If you’ve ever driven through my home state of Indiana, you’ve seen mile after mile of cornfields. Amber waves of grain are enshrined in the song “America the Beautiful.” But more land and more water are devoted to the cultivation of lawn grass in the United States than to corn and wheat combined. There are around 163,000 square kilometers of lawn in the U.S., greater than the size of Ohio, or the entire nation of Italy. Almost one-third of all residential water use in the U.S.—clean, drinkable water—is dedicated to lawns. To thrive, Kentucky bluegrass often requires fertilizer and pesticides and complex irrigation systems, all of which we offer up to the plant in abundance, even though it cannot be eaten by humans or used for anything except walking and playing on. The U.S.’s most abundant and labor-intensive crop is pure, unadulterated ornamentation.*

The word “lawn” didn’t even exist until the 1500s. Back then, “lawns” referred to expanses of grass shared by communities to feed grazing livestock, as opposed to “fields,” which denoted land used to grow plants for human consumption. But by the eighteenth century in England, ornamental lawns similar to the ones we know now had emerged—back then, lawns were maintained by handheld scythes and shears, and so keeping a lawn without the help of grazing animals was a sign you were rich enough to hire lots of gardeners, and also to own land that did nothing but look good.

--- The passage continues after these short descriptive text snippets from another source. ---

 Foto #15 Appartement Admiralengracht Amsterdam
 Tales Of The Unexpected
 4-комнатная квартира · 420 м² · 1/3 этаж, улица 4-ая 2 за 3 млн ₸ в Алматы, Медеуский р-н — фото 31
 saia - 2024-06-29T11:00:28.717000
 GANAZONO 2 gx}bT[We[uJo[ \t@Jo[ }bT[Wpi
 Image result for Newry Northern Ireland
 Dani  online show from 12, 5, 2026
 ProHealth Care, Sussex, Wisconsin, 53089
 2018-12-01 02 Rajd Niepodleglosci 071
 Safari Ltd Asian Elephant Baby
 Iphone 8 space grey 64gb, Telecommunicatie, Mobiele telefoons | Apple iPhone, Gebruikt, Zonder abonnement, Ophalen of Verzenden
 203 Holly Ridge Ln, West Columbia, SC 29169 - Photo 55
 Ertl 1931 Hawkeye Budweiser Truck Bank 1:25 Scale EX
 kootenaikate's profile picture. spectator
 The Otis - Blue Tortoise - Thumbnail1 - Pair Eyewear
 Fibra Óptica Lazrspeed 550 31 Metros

The ornamental lawn fad spread throughout Europe, and also to the United States, where people enslaved by Thomas Jefferson maintained a closely mown lawn at Jefferson’s estate, Monticello.

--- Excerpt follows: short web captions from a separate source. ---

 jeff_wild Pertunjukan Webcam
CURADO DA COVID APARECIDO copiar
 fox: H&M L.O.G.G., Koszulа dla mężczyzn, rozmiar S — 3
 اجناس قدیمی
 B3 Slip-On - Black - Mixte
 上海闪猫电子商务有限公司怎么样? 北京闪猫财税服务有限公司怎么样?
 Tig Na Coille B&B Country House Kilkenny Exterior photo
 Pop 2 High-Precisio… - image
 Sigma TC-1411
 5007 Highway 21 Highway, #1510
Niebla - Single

Over time, the quality of lawns in a neighborhood began to be seen as a proxy for the quality of the neighborhood itself. In The Great Gatsby, Jay Gatsby pays for his gardeners to mow his neighbor’s lawn before Daisy Buchanan visits. Or, to cite an example closer to home, when I first moved to Indianapolis in 2007, I suddenly found myself the owner of a lawn, which I struggled mightily to maintain. Although we lived on only a third of an acre, it took my little electric lawn mower and me two hours to cut all the grass. One Sunday afternoon, my next-door neighbor interrupted me mid-mow and offered me a beer. As we stood in my half-mown yard, he said, “You know, when the Kaufmanns lived here, this was the nicest lawn in the neighborhood.”

“Well,” I answered after a while, “the Kaufmanns don’t live here anymore.”

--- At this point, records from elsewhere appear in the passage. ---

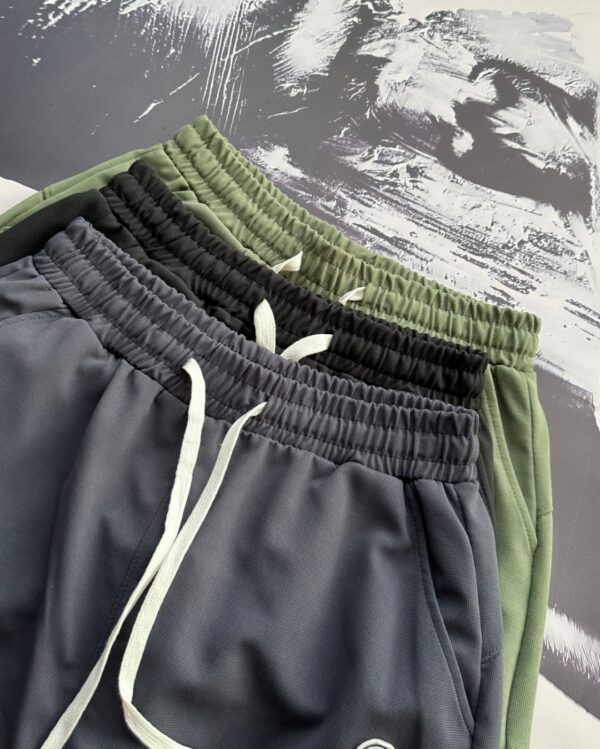 Shorts - 图片 5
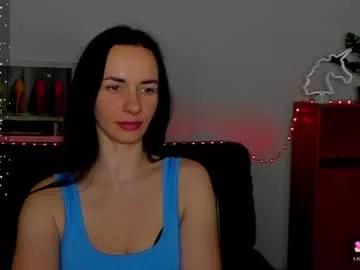 annakillian_kiss on Chaturbate 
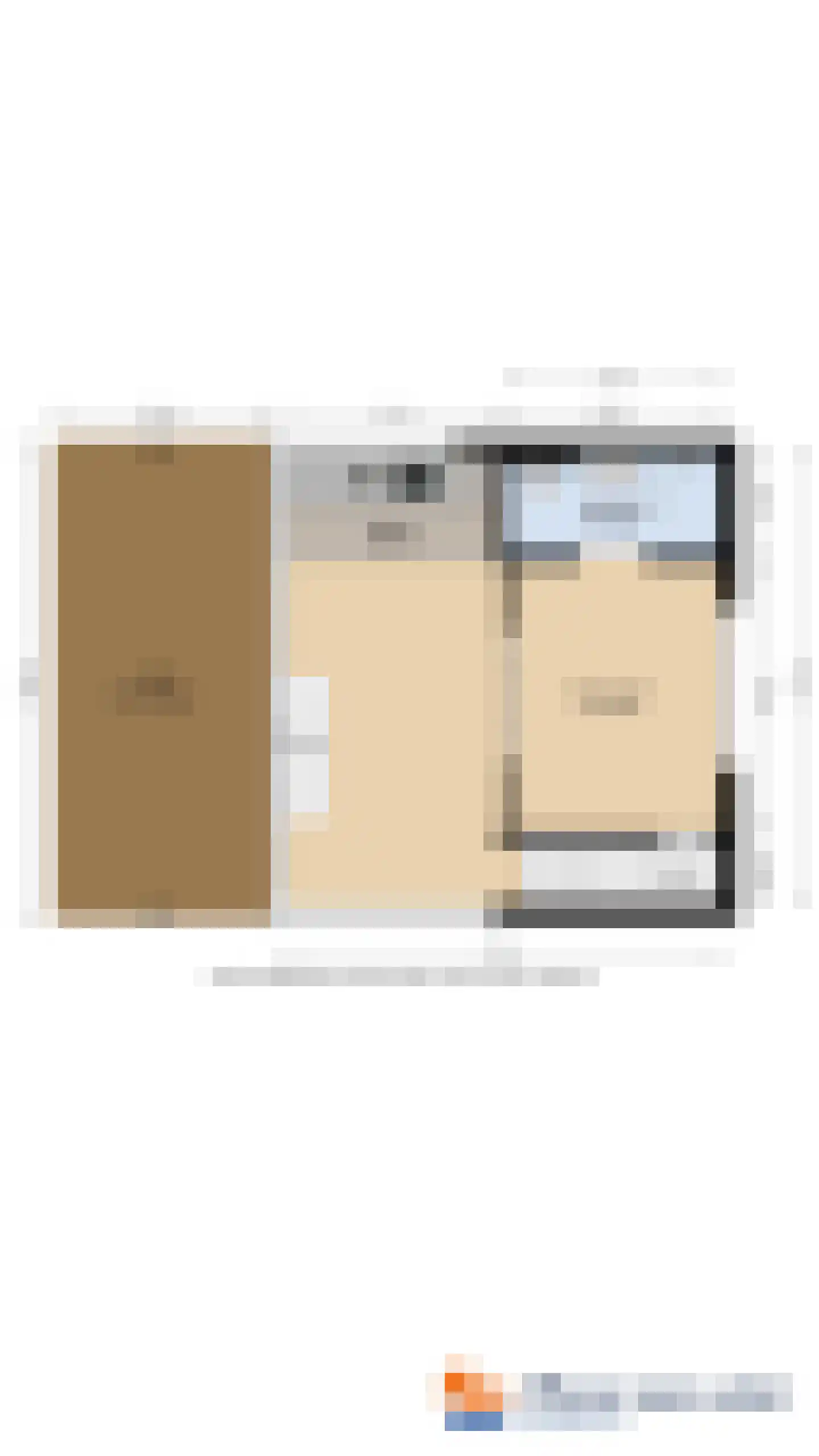 't Noard 2 Warns thumbnail 57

It is truly staggering how much of our shared resources we devote to Kentucky bluegrass and its cousins. To minimize weeds and make our lawns as thickly monocultured as possible, Americans use ten times more fertilizer and pesticide per acre of turfgrass than is used in corn or wheat fields. To keep all the lawns in the U.S. green year-round requires, according to a NASA study, around two hundred gallons of water per person per day, and almost all of the water shooting from sprinklers is treated drinking water. Grass clippings and other yard waste constitute 12 percent of all the material that ends up in U.S. landfills. And then there is the direct financial outlay: We spend tens of billions of dollars a year on lawn maintenance.